**About this task**:
Look for the line with "Mulher com as"; please transcribe it and every later line in the entries exactly, up to the end, leaving pictures out.

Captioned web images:
..........

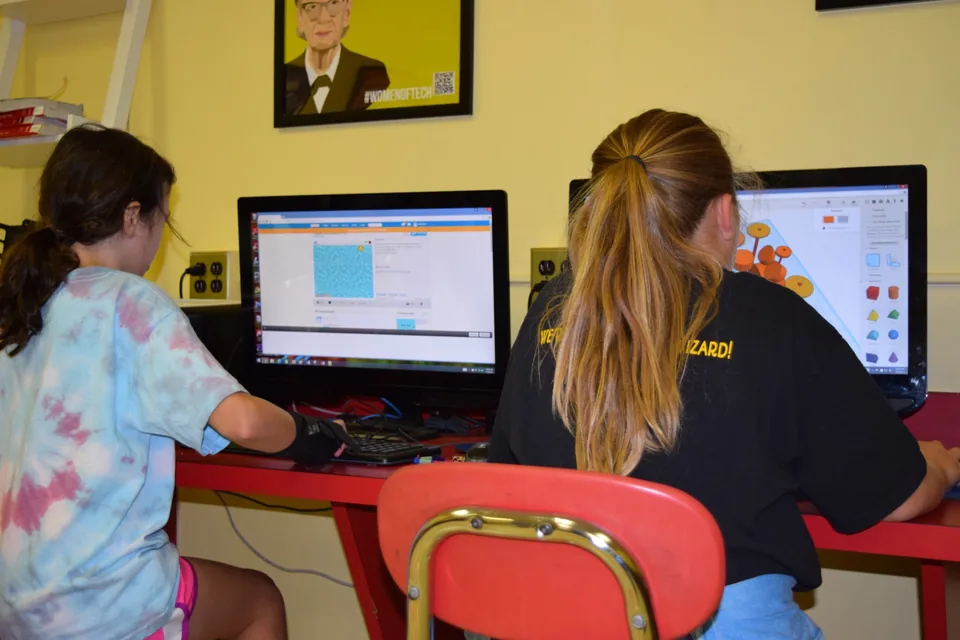 Two campers work at computers, one coding a game and one designing a 3D model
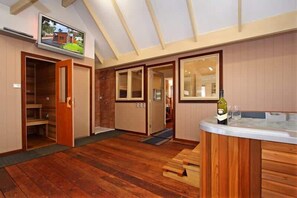 A room with a wooden floor, a built-in wooden bench, a television mounted on the wall, and a bar area with a bottle and glasses.
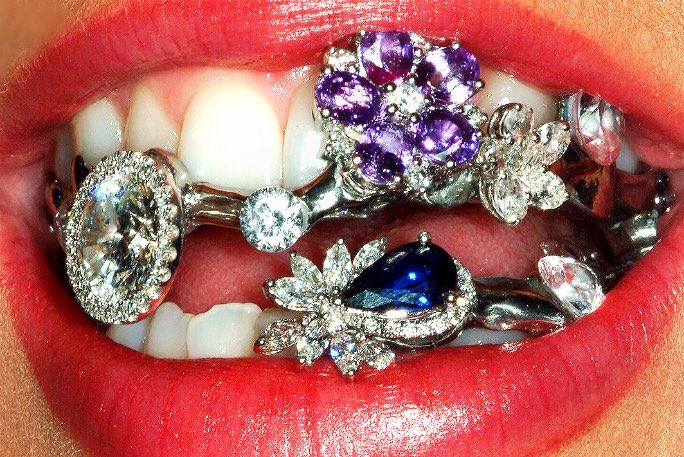 Fun Fact: The Grillz Katy Perry Has In Her Mouth In The Dark Horse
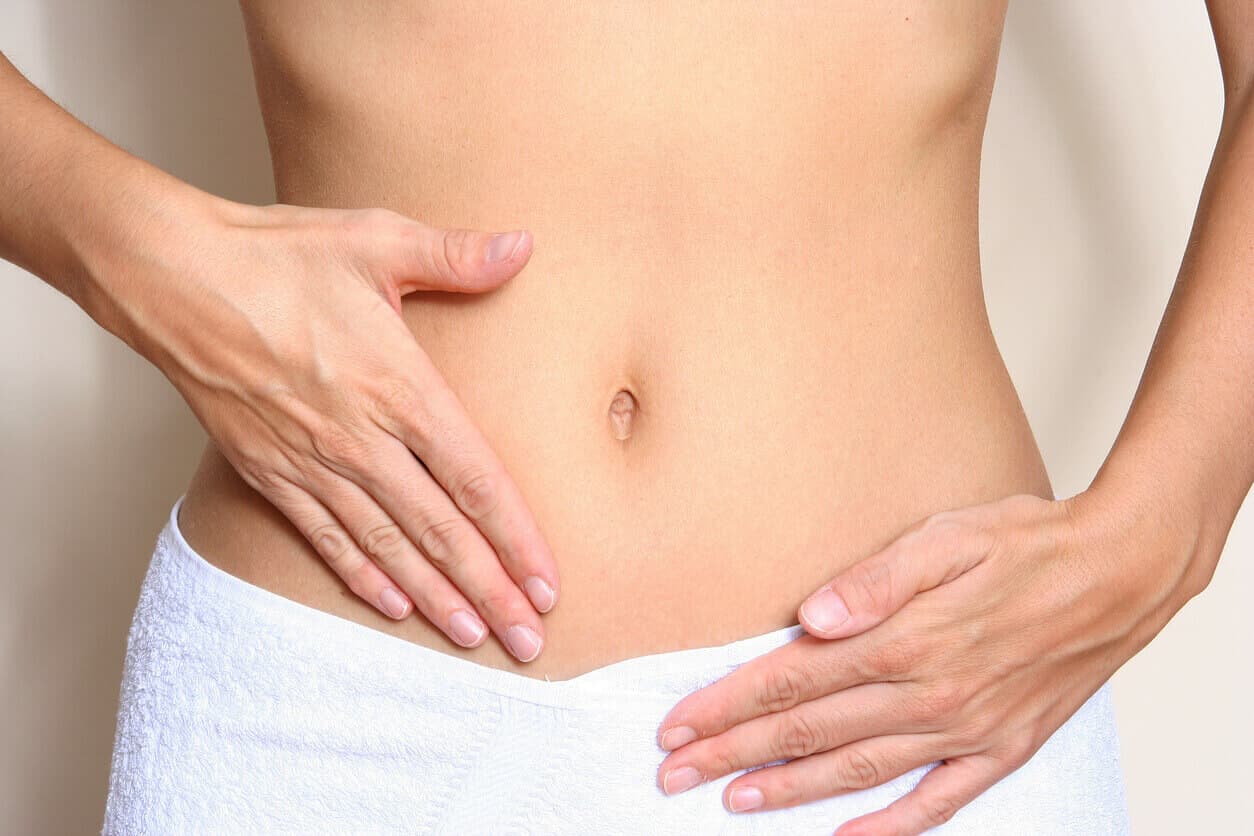 Mulher com as mãos sobre a região pélvica, simbolizando cuidados no pós-operatório de ninfoplastia, com foco na recuperação e alívio do inchaço.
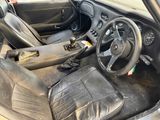 a picture of a car with leather seats and a steering wheel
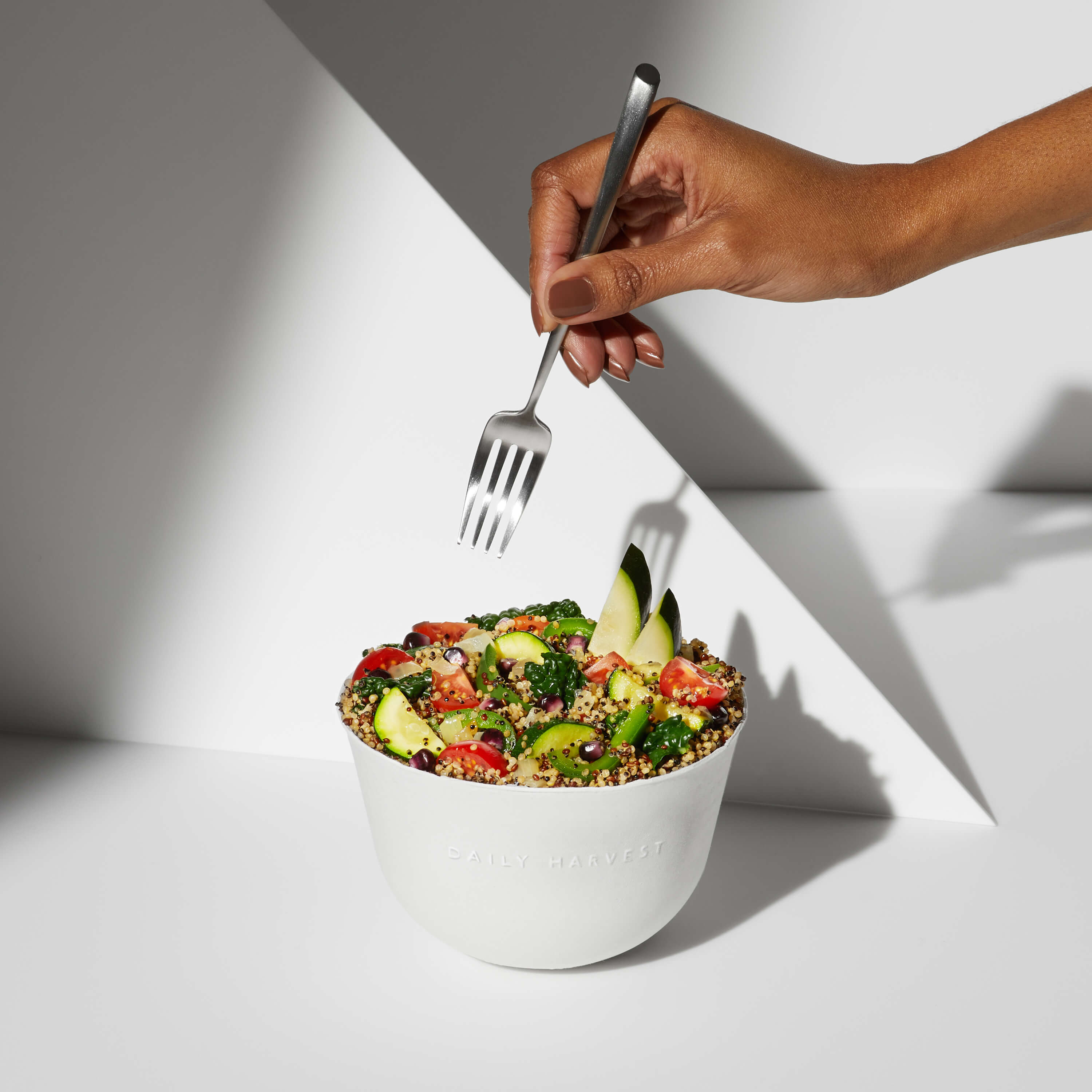A lifestyle image of a prepared Daily Harvest Quinoa + Chipotle Harvest Bowl in a bowl.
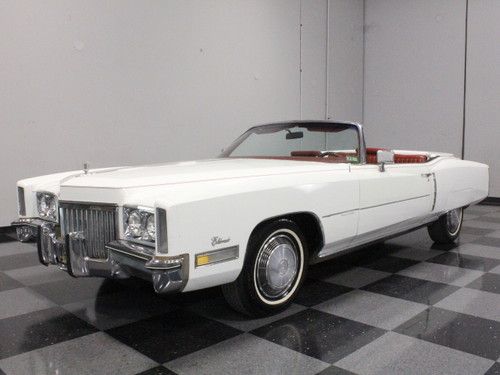 500 ci, fully loaded convertible, cotillion white on red leather, great cruiser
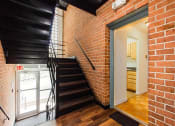 Thumbnail 20 of 24 - stairwell and exposed brick walls at chillum place apartments in lamond riggs washington dc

..........

**Solution to the problem**:
 Mulher com as mãos sobre a região pélvica, simbolizando cuidados no pós-operatório de ninfoplastia, com foco na recuperação e alívio do inchaço.
 a picture of a car with leather seats and a steering wheel
A lifestyle image of a prepared Daily Harvest Quinoa + Chipotle Harvest Bowl in a bowl.
 500 ci, fully loaded convertible, cotillion white on red leather, great cruiser
 Thumbnail 20 of 24 - stairwell and exposed brick walls at chillum place apartments in lamond riggs washington dc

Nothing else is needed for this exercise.